• _INPUT RECORDS_
━━━

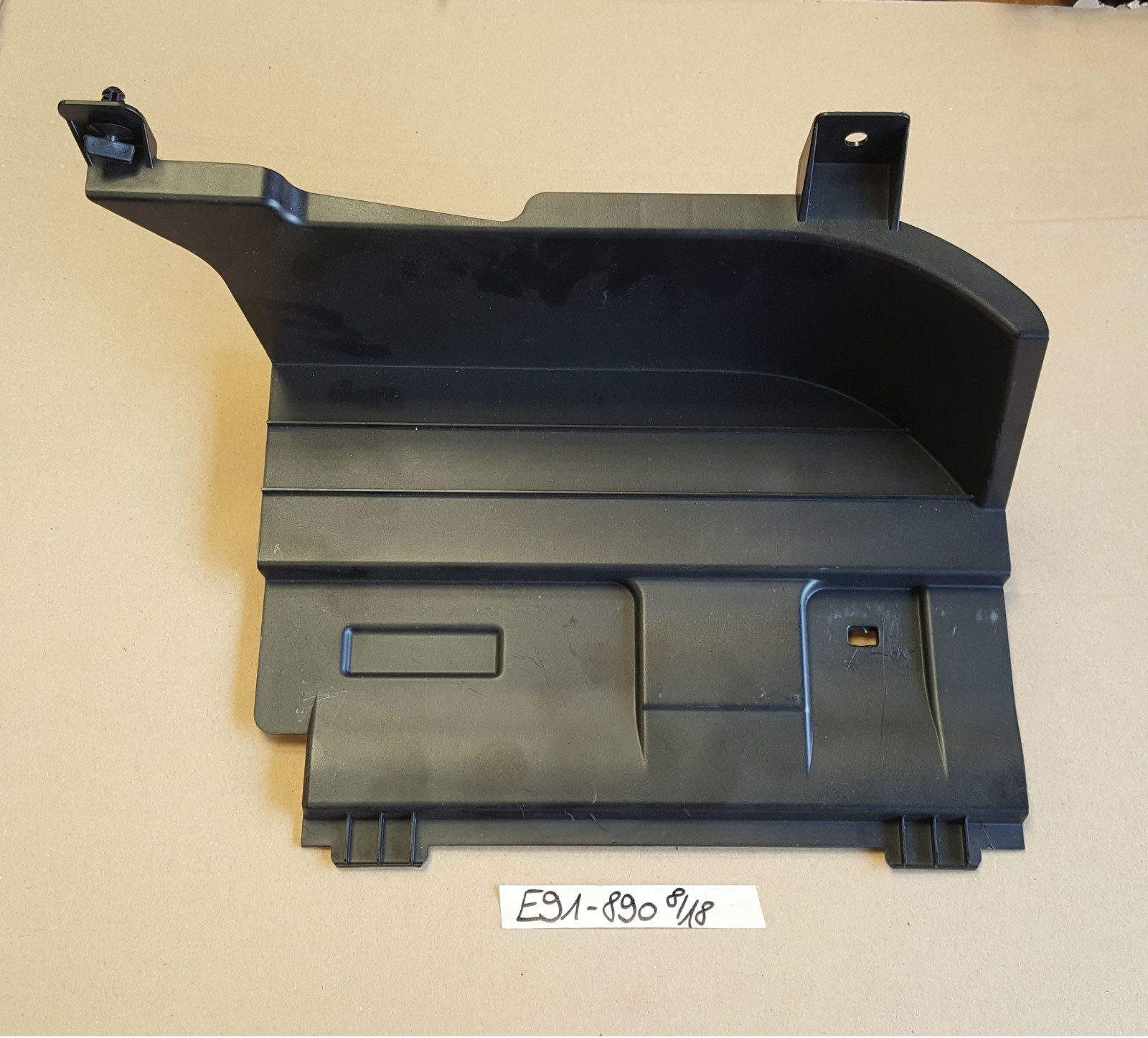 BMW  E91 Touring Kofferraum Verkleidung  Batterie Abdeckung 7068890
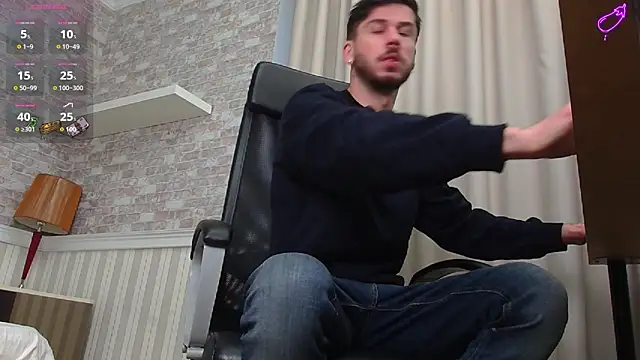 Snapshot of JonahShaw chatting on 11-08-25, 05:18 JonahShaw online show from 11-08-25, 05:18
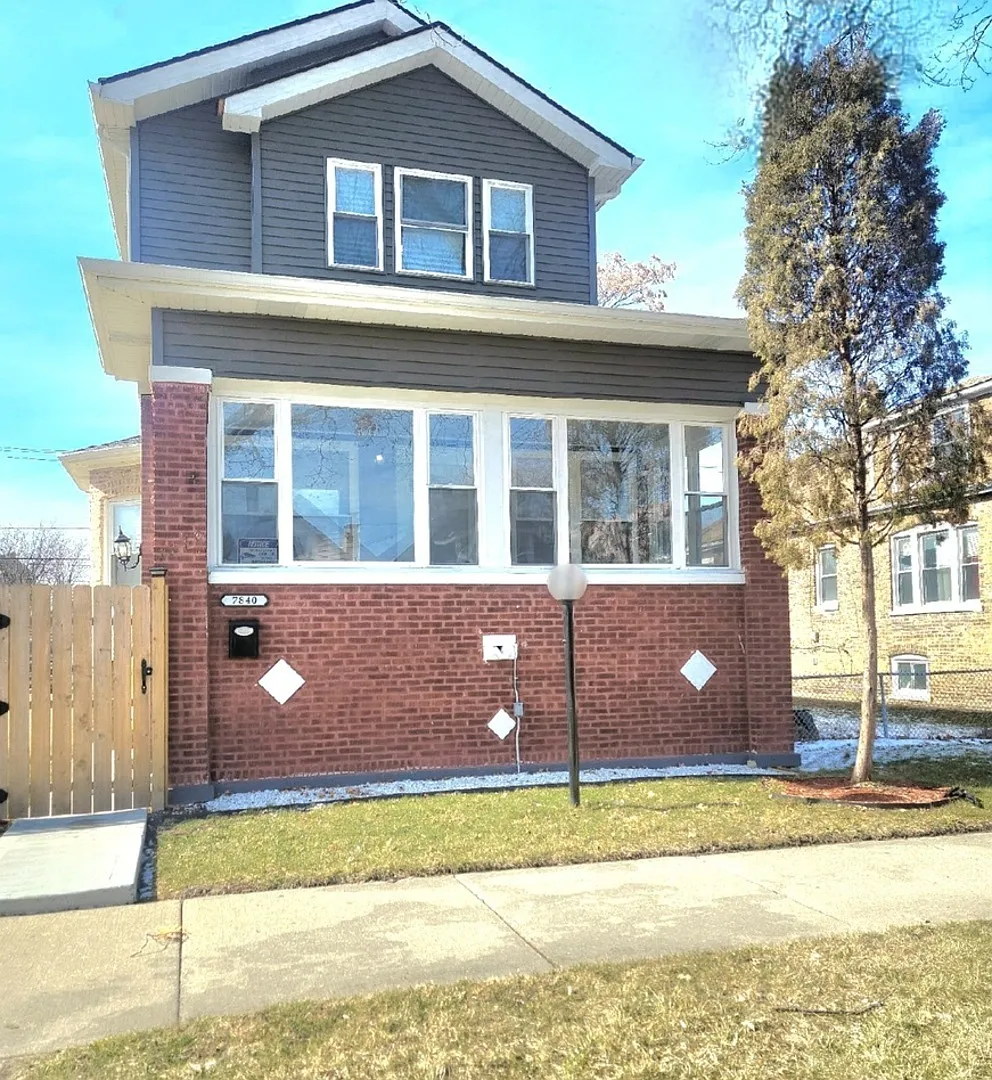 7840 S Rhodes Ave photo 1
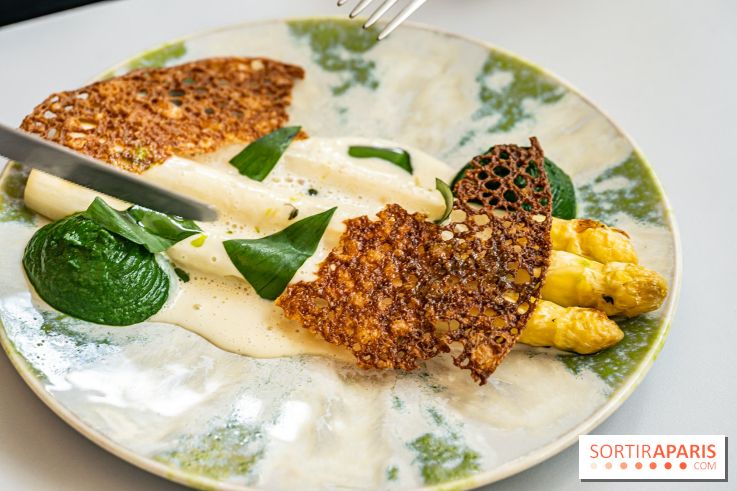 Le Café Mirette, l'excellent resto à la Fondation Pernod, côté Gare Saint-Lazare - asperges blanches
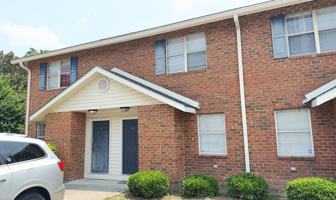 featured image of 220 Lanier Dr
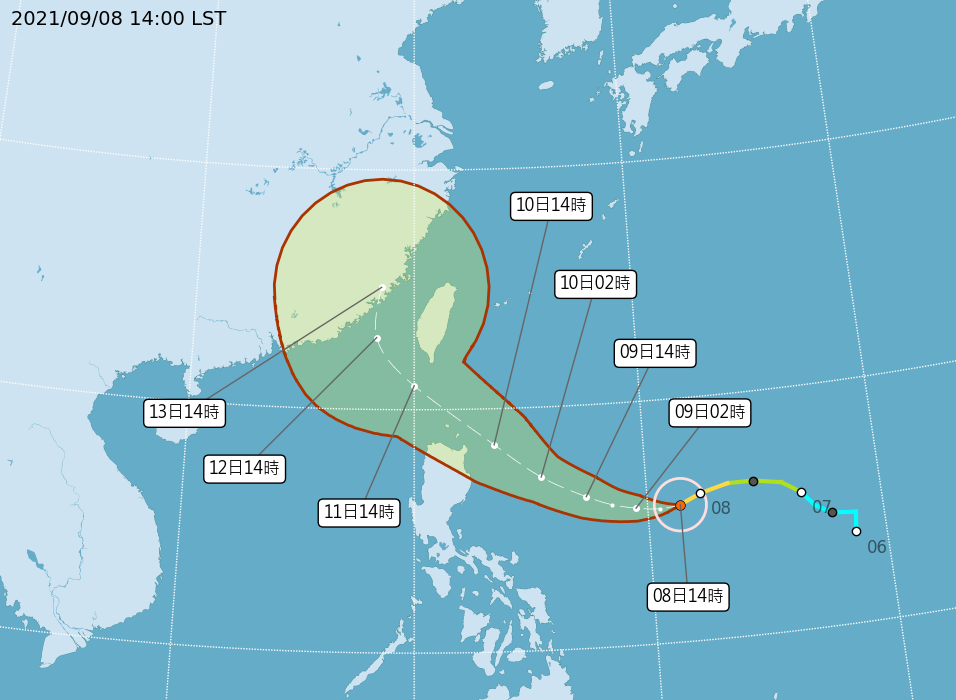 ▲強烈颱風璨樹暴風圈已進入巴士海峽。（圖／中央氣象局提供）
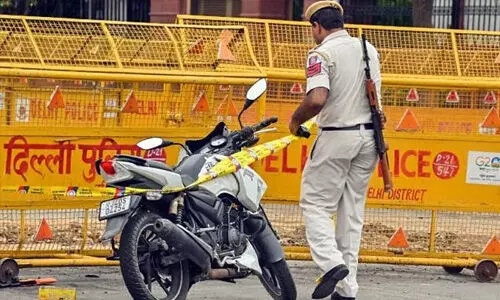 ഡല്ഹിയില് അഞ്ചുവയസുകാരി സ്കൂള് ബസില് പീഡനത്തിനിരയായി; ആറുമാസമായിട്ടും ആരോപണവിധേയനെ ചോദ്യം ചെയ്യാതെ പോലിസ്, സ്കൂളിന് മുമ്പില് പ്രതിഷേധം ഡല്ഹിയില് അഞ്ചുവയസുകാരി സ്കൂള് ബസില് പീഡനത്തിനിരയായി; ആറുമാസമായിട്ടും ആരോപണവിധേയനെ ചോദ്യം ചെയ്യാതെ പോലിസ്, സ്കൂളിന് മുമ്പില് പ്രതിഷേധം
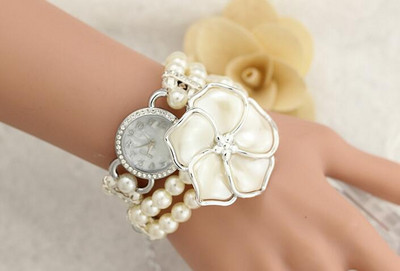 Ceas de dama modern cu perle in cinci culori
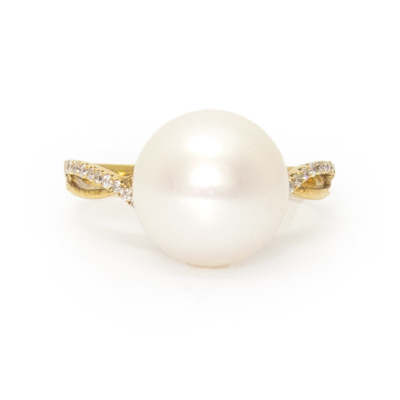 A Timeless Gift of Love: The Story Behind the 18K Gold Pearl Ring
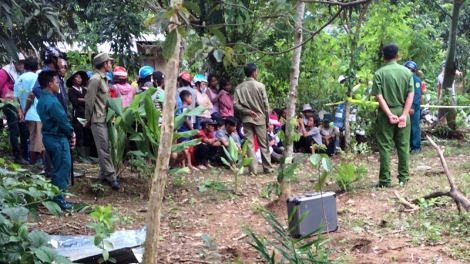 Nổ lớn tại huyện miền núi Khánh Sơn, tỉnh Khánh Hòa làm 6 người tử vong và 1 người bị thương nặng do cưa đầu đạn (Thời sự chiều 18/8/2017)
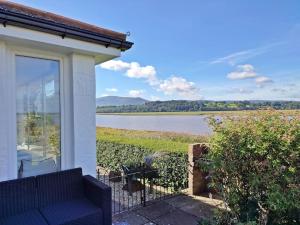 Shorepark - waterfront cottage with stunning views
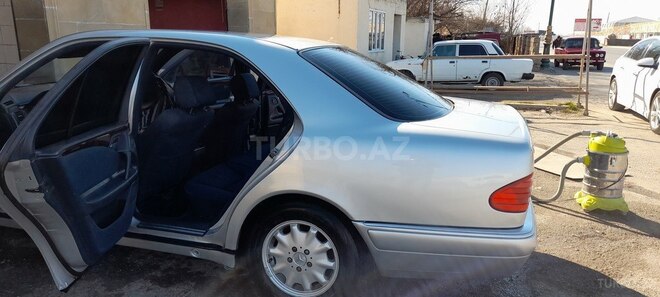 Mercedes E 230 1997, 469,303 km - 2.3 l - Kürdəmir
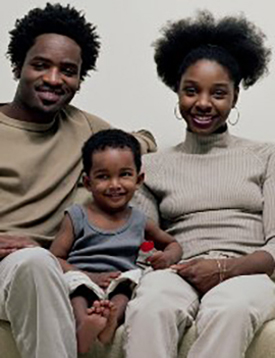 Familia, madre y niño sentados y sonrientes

━━━

• _TASK DETAILS_
Would you write out exactly the lines of the data from the one holding "Ceas de dama modern cu perle in cinci culori" to the final line, both included, with pictures left out?

• _RESULT FOR THIS TASK_
 Ceas de dama modern cu perle in cinci culori
 A Timeless Gift of Love: The Story Behind the 18K Gold Pearl Ring
 Nổ lớn tại huyện miền núi Khánh Sơn, tỉnh Khánh Hòa làm 6 người tử vong và 1 người bị thương nặng do cưa đầu đạn (Thời sự chiều 18/8/2017)
 Shorepark - waterfront cottage with stunning views
 Mercedes E 230 1997, 469,303 km - 2.3 l - Kürdəmir
 Familia, madre y niño sentados y sonrientes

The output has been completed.